[PROVIDED DATA Boundary: Start]
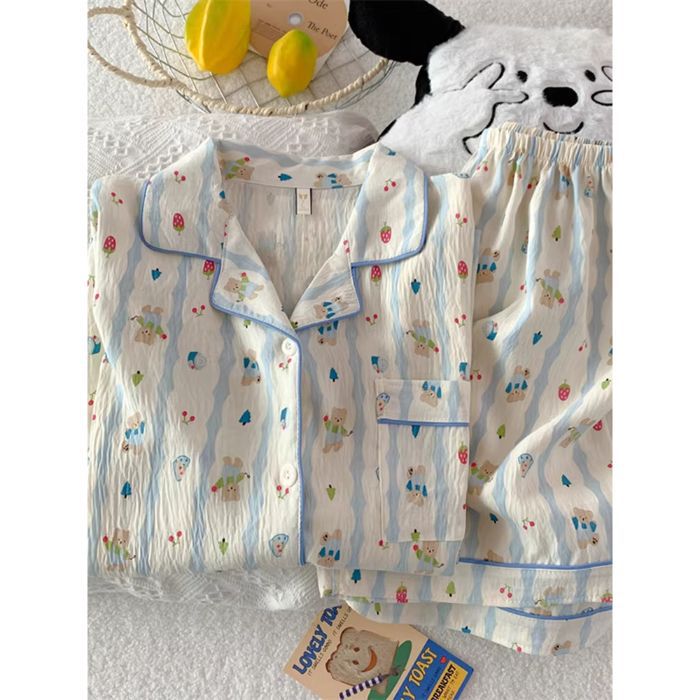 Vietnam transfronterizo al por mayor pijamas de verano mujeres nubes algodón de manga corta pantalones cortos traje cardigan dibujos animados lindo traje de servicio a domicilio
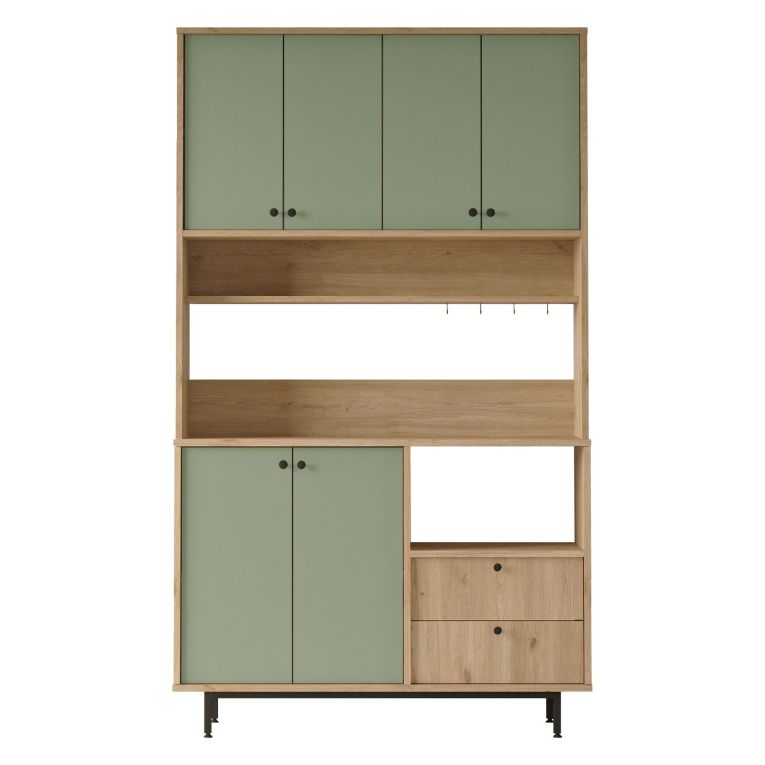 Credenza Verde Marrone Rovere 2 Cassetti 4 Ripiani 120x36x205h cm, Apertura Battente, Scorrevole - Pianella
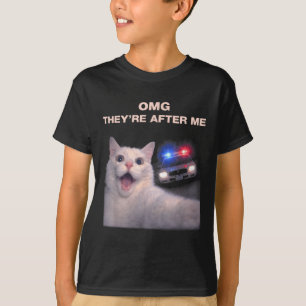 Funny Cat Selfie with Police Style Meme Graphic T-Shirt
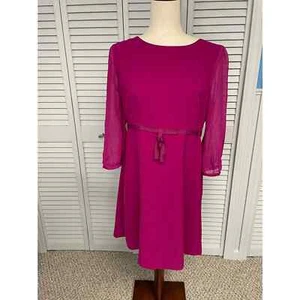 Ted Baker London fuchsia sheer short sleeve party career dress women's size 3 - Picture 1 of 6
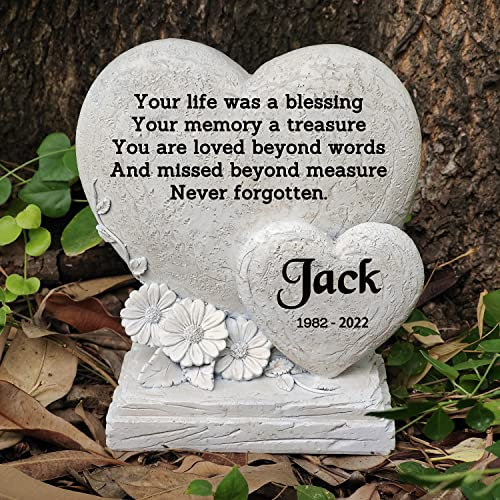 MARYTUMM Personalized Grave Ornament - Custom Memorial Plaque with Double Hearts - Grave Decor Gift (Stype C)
[PROVIDED DATA Boundary: End]
* [EXERCISE INSTRUCTIONS] Reproduce the lines from the one with "Credenza Verde Marrone" through the end of the data, keeping both end lines, adding nothing, and dropping any pictures.

* [SOLUTION TO THIS PROBLEM]
 Credenza Verde Marrone Rovere 2 Cassetti 4 Ripiani 120x36x205h cm, Apertura Battente, Scorrevole - Pianella
 Funny Cat Selfie with Police Style Meme Graphic T-Shirt
 Ted Baker London fuchsia sheer short sleeve party career dress women's size 3 - Picture 1 of 6
 MARYTUMM Personalized Grave Ornament - Custom Memorial Plaque with Double Hearts - Grave Decor Gift (Stype C)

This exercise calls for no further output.